As per the guidelines mentioned by the CBA in its corporate governance structure, company is initiating thorough measures to oversee the management and the performance of the business. However, in relation to the issues company dealing with, corruption and dishonesty, its quite clear that the books are getting properly audited and the governing bodies such as ASIC, ACCC, AUSTRAC are keeping proper eye and insight about the company’s transactional activities and provision of sufficient resources to the auditors and enforcing authorities to carry out the investigations whenever necessary. The Bank is moreover focused to provide the customers and the communities with both financial and operational well-being. Because it is the customer who makes the rapport of the company, and hence is the question of sustainability.
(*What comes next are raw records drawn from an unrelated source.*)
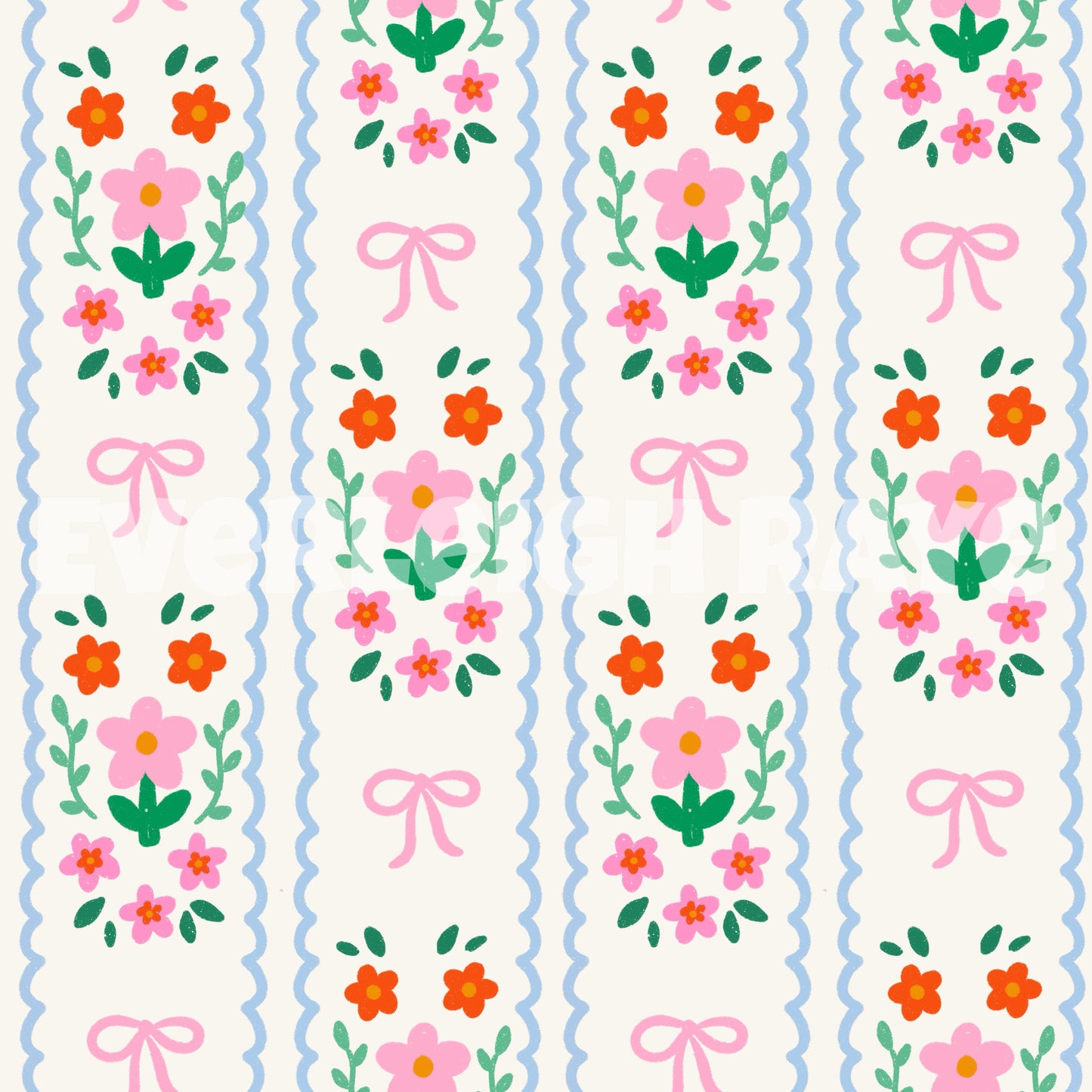 Spring Wildflower & bows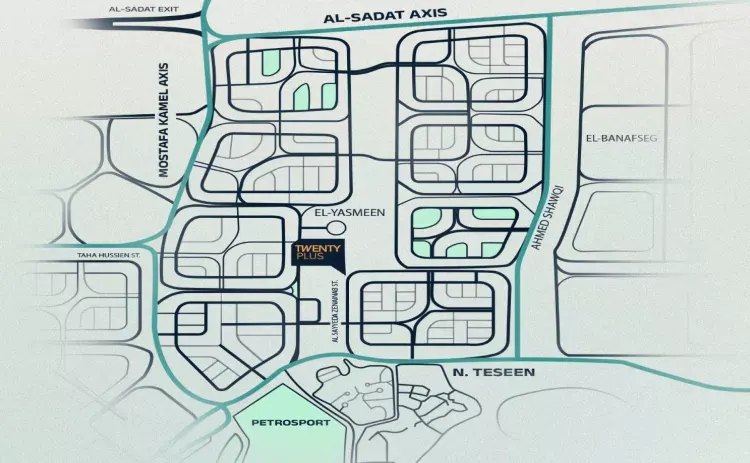 Mall Twenty plus New Cairo master plan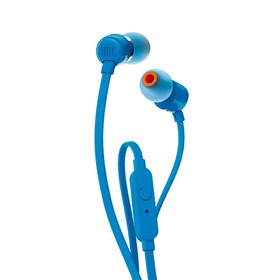 

Наушники JBL T110 BLU, вакуумные, 1.2 м, проводные, синие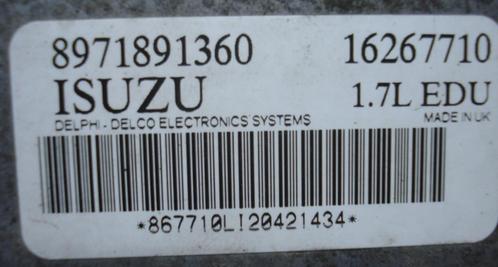 EDU Opel ISUZU 1,7 Dieselpomp herstel, Auto-onderdelen, Elektronica en Kabels, Opel, Gebruikt, Verzenden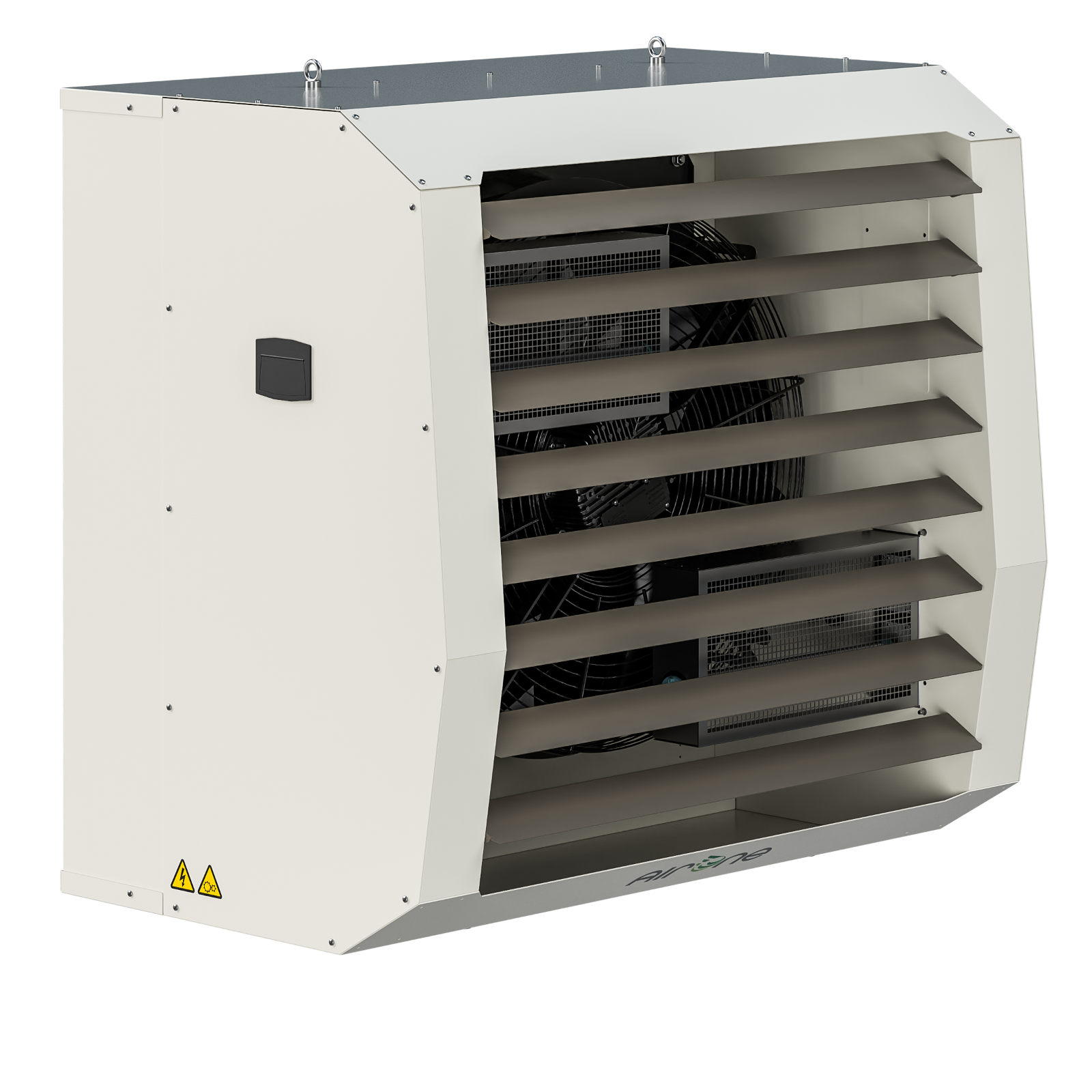 AirONE Air Heater — unità interna vista di tre quarti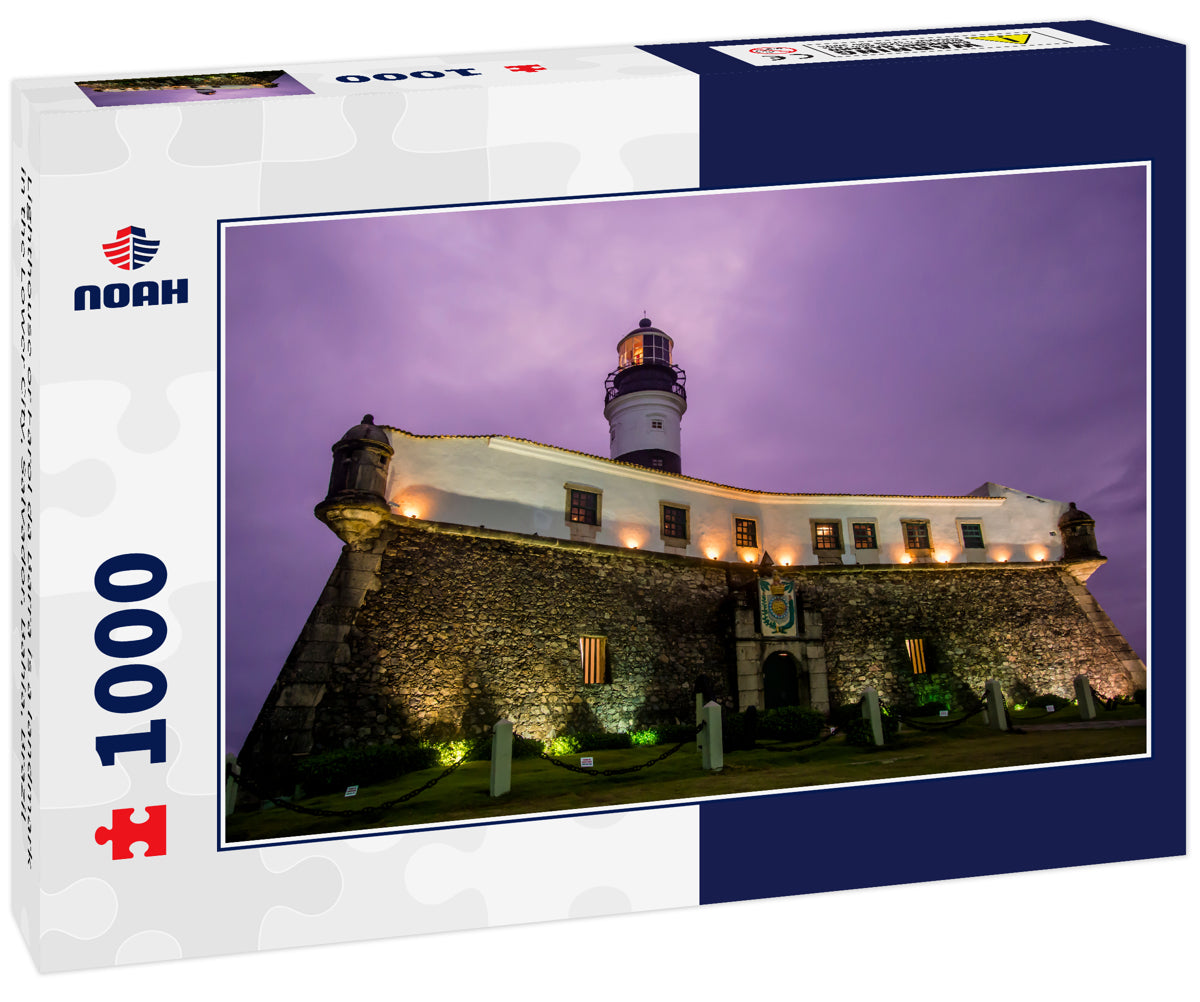 Lighthouse or Farol da Barra is a landmark in the Lower City, Salvador, Bahia, Brazil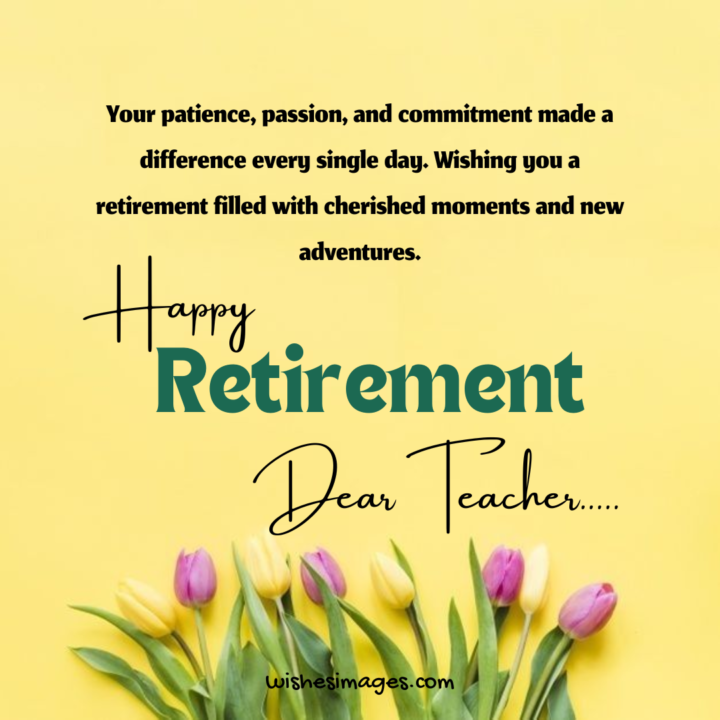 Retirement Wishes for Teachers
Company’s stated values are:

  1. Integrity: Committing to what is right.
  2. Accountability: Being responsible enough.
  3. Collaboration: Working with and by the team.
  4. Excellence: Giving it all
  5. Service: Complying to help and work for the people and the community.

Opinionated Conclusion:

In my opinion, the company needs a big cultural transformation, according to Banking Royal Commission, CBA and other big four banks which lack customer-centric environment because they are more focused in upgradation of banking computer systems than prioritizing customers’ requirements. Also, with my understanding through the research, cultural change is the big challenge. One of the articles also states, Strict consequence management, policies are needed for the big change. Because banks are for customers, and upgradation to customer centricity and maintaining ethics should be the most important value that is required to be embedded in the governance structure. A very good article from Australian Financial Review suggests the same in accordance to banks and their values. The question still is the same, “Are the customer important?”